Exercise details: Print all the data, keeping every line exactly as it is.

[Source data]
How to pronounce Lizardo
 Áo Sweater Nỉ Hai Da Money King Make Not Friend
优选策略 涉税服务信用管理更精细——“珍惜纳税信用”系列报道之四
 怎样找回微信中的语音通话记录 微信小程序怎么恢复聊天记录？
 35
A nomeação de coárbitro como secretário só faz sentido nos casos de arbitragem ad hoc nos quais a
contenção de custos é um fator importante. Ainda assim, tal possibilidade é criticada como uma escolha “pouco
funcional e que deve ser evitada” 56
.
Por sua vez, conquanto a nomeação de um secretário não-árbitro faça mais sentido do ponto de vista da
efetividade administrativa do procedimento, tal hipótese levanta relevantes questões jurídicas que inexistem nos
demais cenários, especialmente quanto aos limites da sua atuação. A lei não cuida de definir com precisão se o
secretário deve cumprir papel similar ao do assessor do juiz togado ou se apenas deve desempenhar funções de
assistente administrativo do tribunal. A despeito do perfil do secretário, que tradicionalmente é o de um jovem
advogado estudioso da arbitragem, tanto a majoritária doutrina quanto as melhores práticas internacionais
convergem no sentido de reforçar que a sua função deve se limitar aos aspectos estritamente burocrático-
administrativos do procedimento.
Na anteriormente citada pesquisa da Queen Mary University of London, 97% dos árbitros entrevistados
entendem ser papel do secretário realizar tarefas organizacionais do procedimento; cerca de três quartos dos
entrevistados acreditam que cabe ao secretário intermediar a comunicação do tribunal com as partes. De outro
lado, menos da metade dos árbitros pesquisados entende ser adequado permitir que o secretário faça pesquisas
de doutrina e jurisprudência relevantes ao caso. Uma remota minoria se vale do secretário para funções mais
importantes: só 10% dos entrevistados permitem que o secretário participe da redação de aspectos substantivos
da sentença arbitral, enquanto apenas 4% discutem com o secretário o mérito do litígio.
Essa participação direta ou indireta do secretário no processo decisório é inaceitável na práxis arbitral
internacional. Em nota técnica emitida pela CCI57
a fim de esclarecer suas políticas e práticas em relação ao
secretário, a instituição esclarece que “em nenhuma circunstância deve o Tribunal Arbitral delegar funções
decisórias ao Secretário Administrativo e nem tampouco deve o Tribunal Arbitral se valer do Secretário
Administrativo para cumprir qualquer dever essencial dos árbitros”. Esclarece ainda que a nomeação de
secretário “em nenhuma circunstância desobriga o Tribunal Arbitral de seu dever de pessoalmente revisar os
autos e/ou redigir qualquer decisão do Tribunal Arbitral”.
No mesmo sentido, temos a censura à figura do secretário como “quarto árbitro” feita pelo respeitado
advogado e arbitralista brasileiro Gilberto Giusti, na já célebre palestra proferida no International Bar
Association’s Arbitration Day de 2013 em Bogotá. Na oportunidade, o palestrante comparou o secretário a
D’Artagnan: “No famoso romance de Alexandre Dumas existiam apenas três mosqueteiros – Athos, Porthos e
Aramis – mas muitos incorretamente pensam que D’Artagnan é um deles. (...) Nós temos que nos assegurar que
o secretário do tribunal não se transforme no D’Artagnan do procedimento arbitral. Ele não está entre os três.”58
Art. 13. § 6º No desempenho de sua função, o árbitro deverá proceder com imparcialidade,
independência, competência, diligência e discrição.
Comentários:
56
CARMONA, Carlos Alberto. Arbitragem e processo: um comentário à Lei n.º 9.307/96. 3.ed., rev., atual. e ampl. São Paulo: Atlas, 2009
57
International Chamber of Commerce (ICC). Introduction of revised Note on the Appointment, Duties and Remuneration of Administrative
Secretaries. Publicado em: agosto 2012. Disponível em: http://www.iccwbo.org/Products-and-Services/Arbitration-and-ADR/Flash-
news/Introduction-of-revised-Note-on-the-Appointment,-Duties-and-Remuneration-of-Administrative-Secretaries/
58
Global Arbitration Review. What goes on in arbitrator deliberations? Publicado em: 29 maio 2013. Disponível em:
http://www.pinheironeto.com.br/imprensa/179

Answer:
How to pronounce Lizardo
 Áo Sweater Nỉ Hai Da Money King Make Not Friend
优选策略 涉税服务信用管理更精细——“珍惜纳税信用”系列报道之四
 怎样找回微信中的语音通话记录 微信小程序怎么恢复聊天记录？
 35
A nomeação de coárbitro como secretário só faz sentido nos casos de arbitragem ad hoc nos quais a
contenção de custos é um fator importante. Ainda assim, tal possibilidade é criticada como uma escolha “pouco
funcional e que deve ser evitada” 56
.
Por sua vez, conquanto a nomeação de um secretário não-árbitro faça mais sentido do ponto de vista da
efetividade administrativa do procedimento, tal hipótese levanta relevantes questões jurídicas que inexistem nos
demais cenários, especialmente quanto aos limites da sua atuação. A lei não cuida de definir com precisão se o
secretário deve cumprir papel similar ao do assessor do juiz togado ou se apenas deve desempenhar funções de
assistente administrativo do tribunal. A despeito do perfil do secretário, que tradicionalmente é o de um jovem
advogado estudioso da arbitragem, tanto a majoritária doutrina quanto as melhores práticas internacionais
convergem no sentido de reforçar que a sua função deve se limitar aos aspectos estritamente burocrático-
administrativos do procedimento.
Na anteriormente citada pesquisa da Queen Mary University of London, 97% dos árbitros entrevistados
entendem ser papel do secretário realizar tarefas organizacionais do procedimento; cerca de três quartos dos
entrevistados acreditam que cabe ao secretário intermediar a comunicação do tribunal com as partes. De outro
lado, menos da metade dos árbitros pesquisados entende ser adequado permitir que o secretário faça pesquisas
de doutrina e jurisprudência relevantes ao caso. Uma remota minoria se vale do secretário para funções mais
importantes: só 10% dos entrevistados permitem que o secretário participe da redação de aspectos substantivos
da sentença arbitral, enquanto apenas 4% discutem com o secretário o mérito do litígio.
Essa participação direta ou indireta do secretário no processo decisório é inaceitável na práxis arbitral
internacional. Em nota técnica emitida pela CCI57
a fim de esclarecer suas políticas e práticas em relação ao
secretário, a instituição esclarece que “em nenhuma circunstância deve o Tribunal Arbitral delegar funções
decisórias ao Secretário Administrativo e nem tampouco deve o Tribunal Arbitral se valer do Secretário
Administrativo para cumprir qualquer dever essencial dos árbitros”. Esclarece ainda que a nomeação de
secretário “em nenhuma circunstância desobriga o Tribunal Arbitral de seu dever de pessoalmente revisar os
autos e/ou redigir qualquer decisão do Tribunal Arbitral”.
No mesmo sentido, temos a censura à figura do secretário como “quarto árbitro” feita pelo respeitado
advogado e arbitralista brasileiro Gilberto Giusti, na já célebre palestra proferida no International Bar
Association’s Arbitration Day de 2013 em Bogotá. Na oportunidade, o palestrante comparou o secretário a
D’Artagnan: “No famoso romance de Alexandre Dumas existiam apenas três mosqueteiros – Athos, Porthos e
Aramis – mas muitos incorretamente pensam que D’Artagnan é um deles. (...) Nós temos que nos assegurar que
o secretário do tribunal não se transforme no D’Artagnan do procedimento arbitral. Ele não está entre os três.”58
Art. 13. § 6º No desempenho de sua função, o árbitro deverá proceder com imparcialidade,
independência, competência, diligência e discrição.
Comentários:
56
CARMONA, Carlos Alberto. Arbitragem e processo: um comentário à Lei n.º 9.307/96. 3.ed., rev., atual. e ampl. São Paulo: Atlas, 2009
57
International Chamber of Commerce (ICC). Introduction of revised Note on the Appointment, Duties and Remuneration of Administrative
Secretaries. Publicado em: agosto 2012. Disponível em: http://www.iccwbo.org/Products-and-Services/Arbitration-and-ADR/Flash-
news/Introduction-of-revised-Note-on-the-Appointment,-Duties-and-Remuneration-of-Administrative-Secretaries/
58
Global Arbitration Review. What goes on in arbitrator deliberations? Publicado em: 29 maio 2013. Disponível em:
http://www.pinheironeto.com.br/imprensa/179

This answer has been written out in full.